Neck - sprained

After we have ascertained a sprained or strained neck, we will provide a few exercises to do at home.

About your visit

We have examined you and have ascertained that you have sprained or strained your neck. We have provided you with a few exercises you can do at home.

When you get home

Pain and stiffness in the neck is normal

It is normal to experience headaches, pains and stiffness in your neck if you have sprained or strained it. You may also experience pain in your shoulders or arms.

In rare cases, you may hear a buzzing in your ears, experience reduced hearing, dizziness, problems swallowing or feel pain on your jaw. In most cases, these symptoms will disappear without treatment.

Contact your general practitioner if symptoms do not disappear or if they worsen

Contact your general practitioner or dial 1813 to reach the medical helpline outside your general practitioner’s opening hours if you experience:

  • sensory disturbances/numbness in your arms and legs
  • pain and stiffness in your neck for more than two weeks
  • a deterioration of your other symptoms.

Take pain-relieving medicine if you are in pain

You should take pain-relieving medicine if you are in pain. Pain-relieving medicine can be bought over the counter. Take only the amount of pain reliever recommended on the package. Contact your general practitioner if you need help managing the pain.  

Rest

It is important to rest when you feel tired, are in pain or feel dizzy or unwell.

Do not overload your body

Avoid overloading your body at first. Do not carry, lift or push heavy objects as this may exacerbate your symptoms.

Begin using your body normally after one week

After the first week, it is important that you move and use your body as you usually would, even if it hurts. Moving normally is important to maintain flexibility in your neck and prevent long-term stiffness.

Exercises

It is important to exercise your neck

Begin moving your neck and doing the exercises immediately. The exercises will help you regain strength and mobility in your neck.

To begin with, do each exercise three to five times every hour. As the pain reduces and mobility in your neck improves, you can increase the number of times you do the exercises.

Make sure you are seated correctly, preferably in a chair with proper back support. Relax your shoulders and keep your body still. Complete the exercises as slowly and as thoroughly as you can.
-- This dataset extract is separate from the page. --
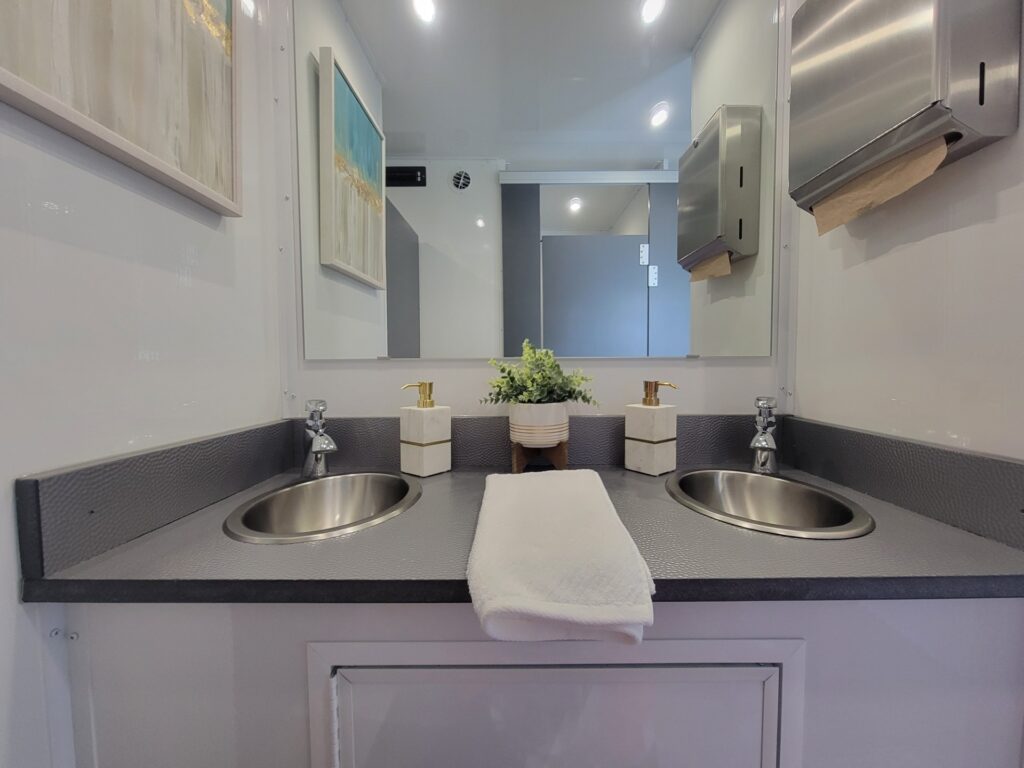 The inside of a portable bathroom trailer. There are two clean sinks situated next to each other for easy hand-washing.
It is okay if the exercises cause some light pain. Plan your exercises around times when your pain relievers are in full effect. If you begin to feel pain while doing the exercises, make the movements smaller and do them more slowly.

Exercise 1

  • Keep your head still while alternating moving your eyes upwards and downwards, and side to side
Illustration of the exercise

Exercise 2

Sit or stand with one arm hanging down by your side. Your elbow should be straight. Place your other arm on your head.

  • Push the palm of your extended arm towards the floor.
  • Bend your head towards the opposite shoulder until you feel a stretch in your neck. Hold the position for 30 seconds
  • Relax your neck.
  • Switch arms and repeat on the opposite side.
Illustration of the exercise

Exercise 3

  • Turn your head from side to side at a steady rate. Turn your head until you feel a stretch in your neck.
Illustration of the exercise

Exercise 4

You can sit or stand.

  • Slowly bend your head downwards then backwards.